▸ LISTED ENTRIES:
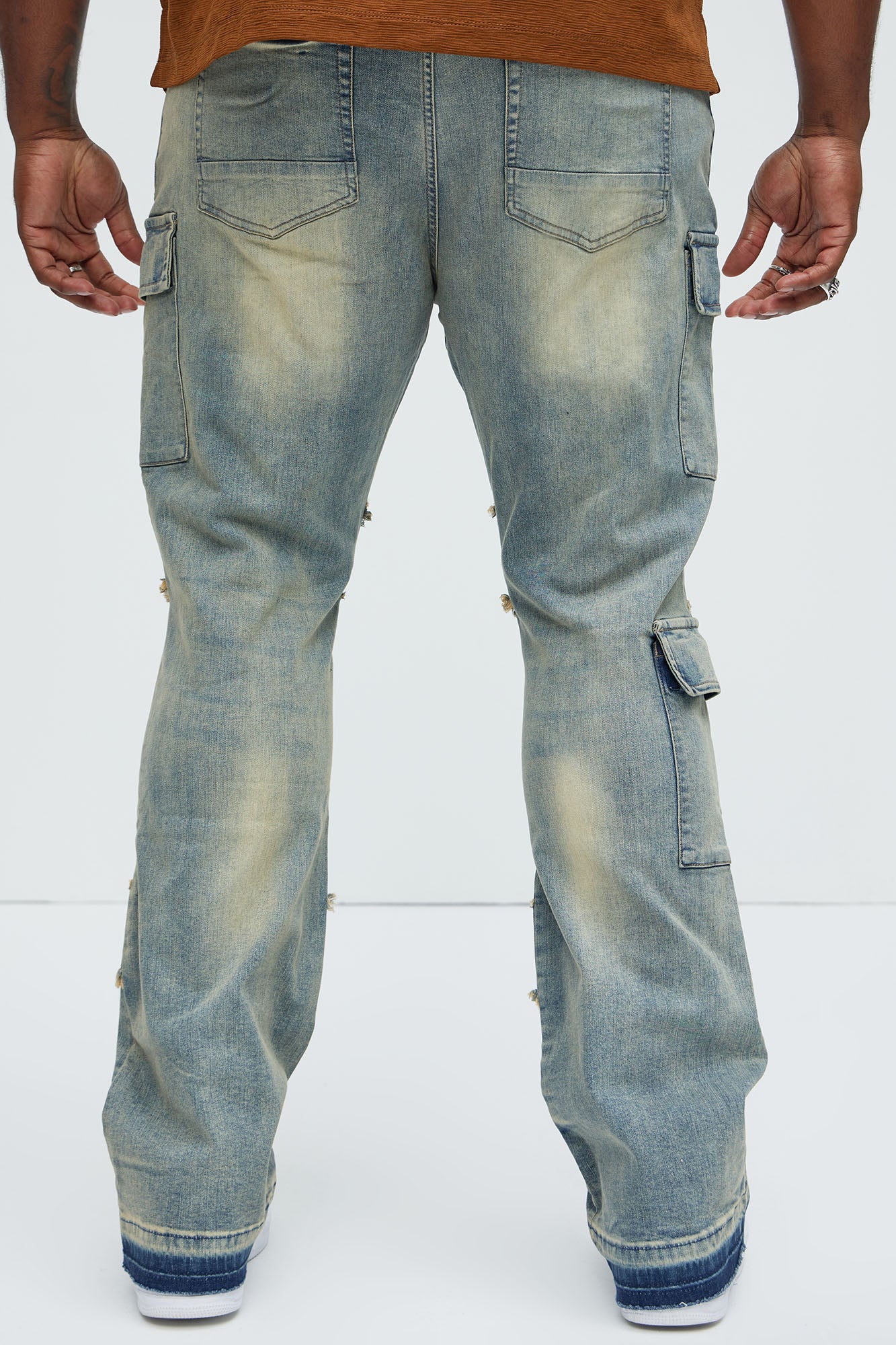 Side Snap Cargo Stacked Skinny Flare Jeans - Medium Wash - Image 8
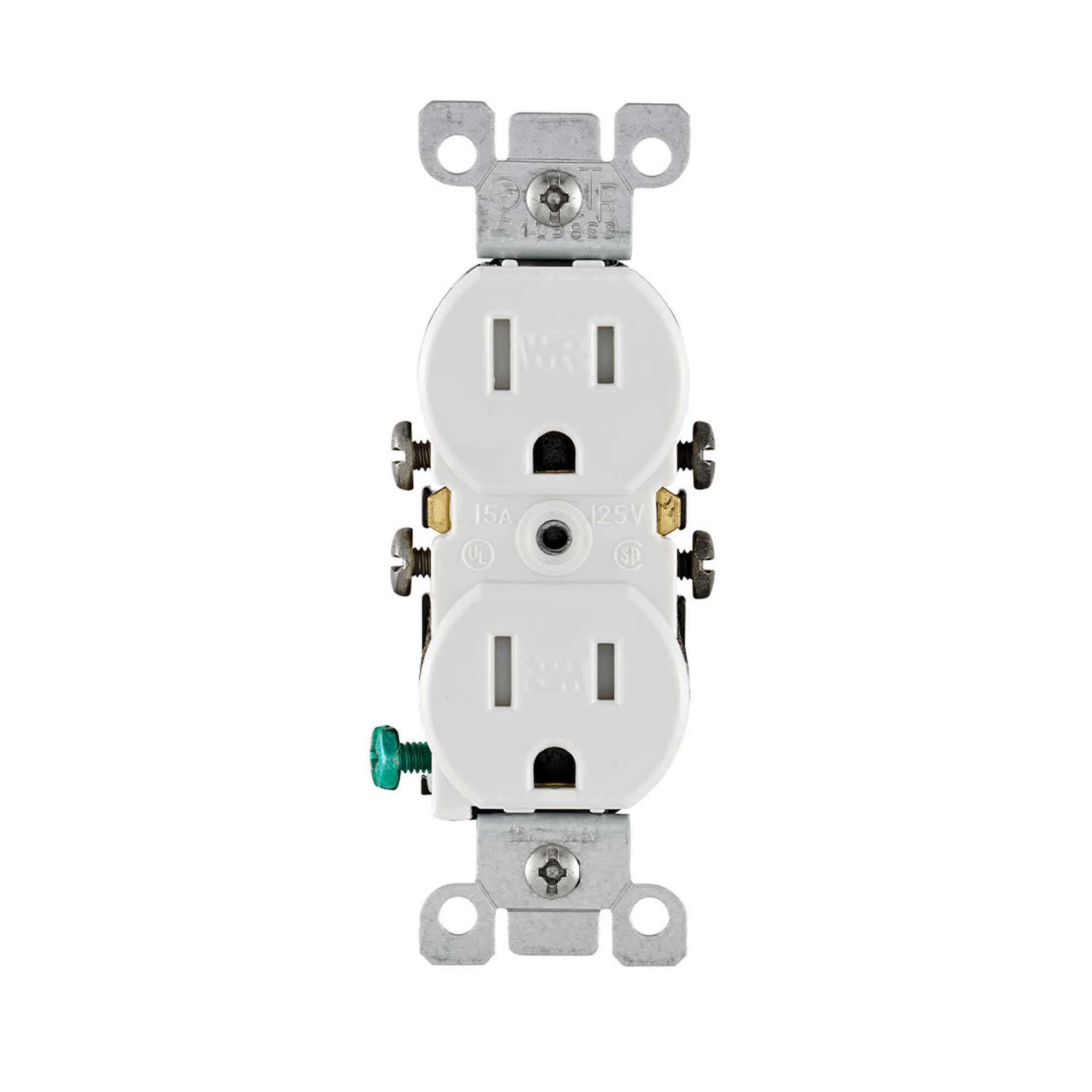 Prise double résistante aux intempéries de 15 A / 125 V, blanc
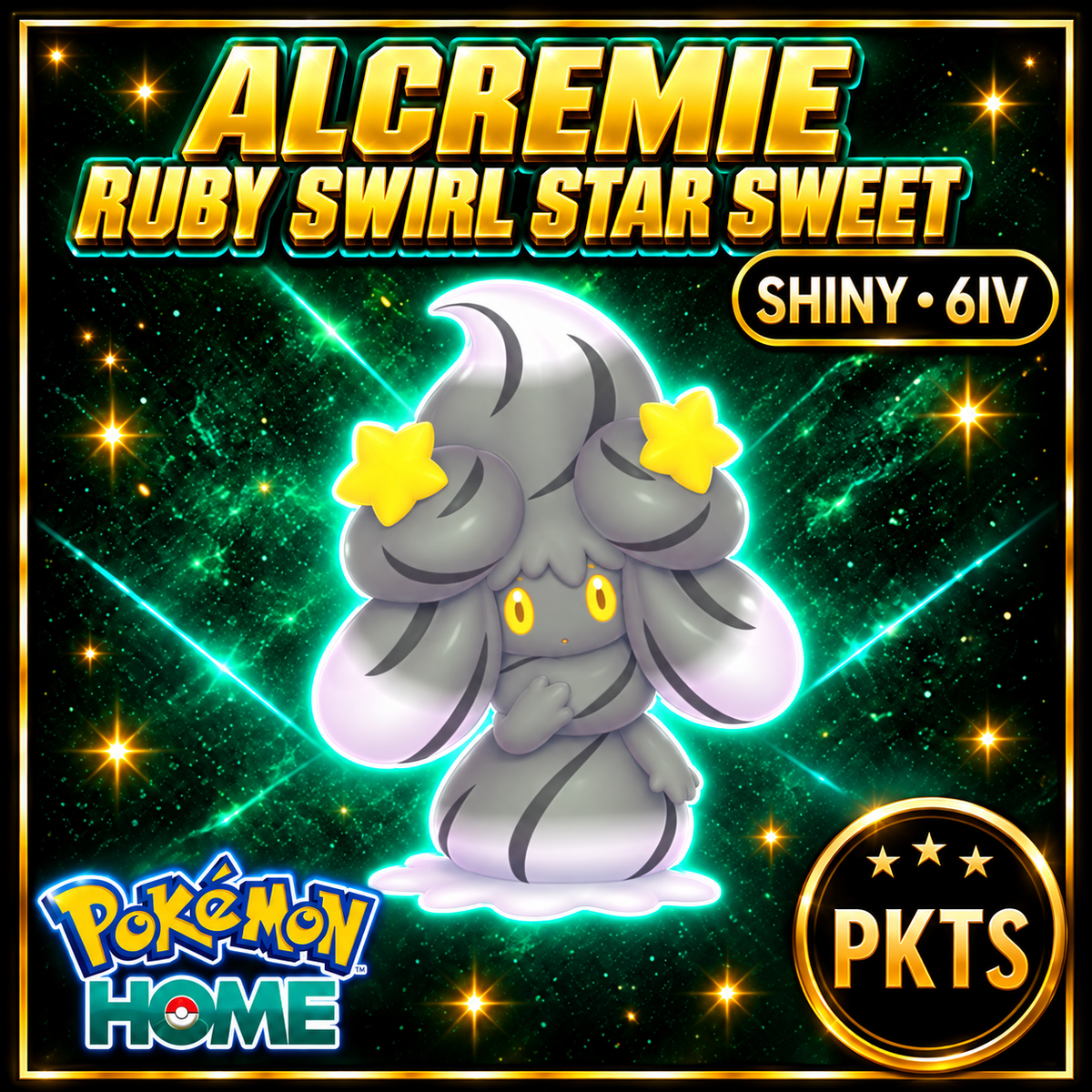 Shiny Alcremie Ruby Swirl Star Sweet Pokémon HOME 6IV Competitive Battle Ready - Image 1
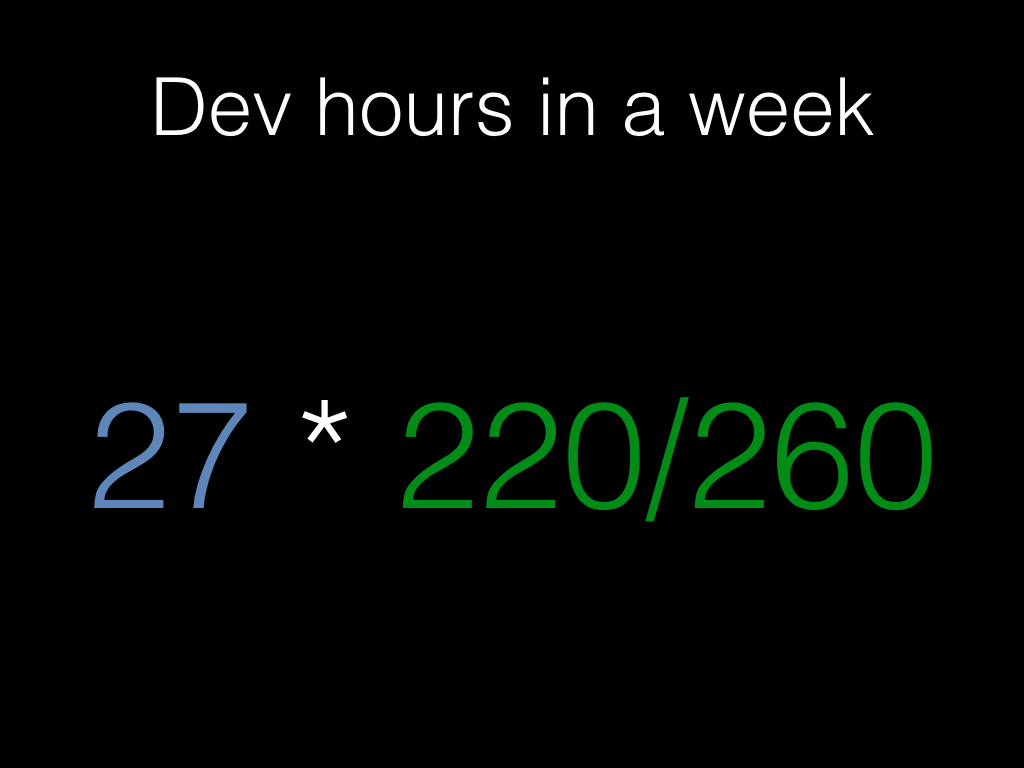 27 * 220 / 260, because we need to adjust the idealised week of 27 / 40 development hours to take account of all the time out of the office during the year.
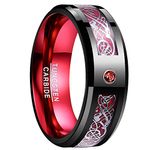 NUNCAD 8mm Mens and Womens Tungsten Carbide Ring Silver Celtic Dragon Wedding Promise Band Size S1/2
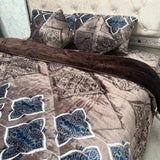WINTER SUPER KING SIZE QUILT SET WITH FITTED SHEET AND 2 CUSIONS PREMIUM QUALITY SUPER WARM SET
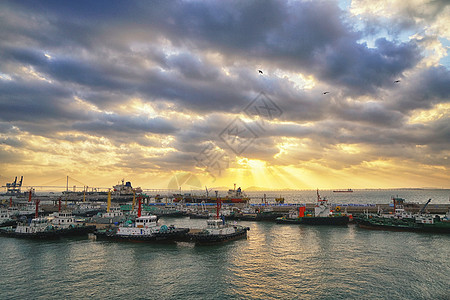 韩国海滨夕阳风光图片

▸ WHAT YOU WILL DO: Go through the entries above and print each one exactly, minus the pictures.

▸ WRITTEN ANSWER:
 Side Snap Cargo Stacked Skinny Flare Jeans - Medium Wash - Image 8
 Prise double résistante aux intempéries de 15 A / 125 V, blanc
 Shiny Alcremie Ruby Swirl Star Sweet Pokémon HOME 6IV Competitive Battle Ready - Image 1
 27 * 220 / 260, because we need to adjust the idealised week of 27 / 40 development hours to take account of all the time out of the office during the year.
 NUNCAD 8mm Mens and Womens Tungsten Carbide Ring Silver Celtic Dragon Wedding Promise Band Size S1/2
WINTER SUPER KING SIZE QUILT SET WITH FITTED SHEET AND 2 CUSIONS PREMIUM QUALITY SUPER WARM SET
 韩国海滨夕阳风光图片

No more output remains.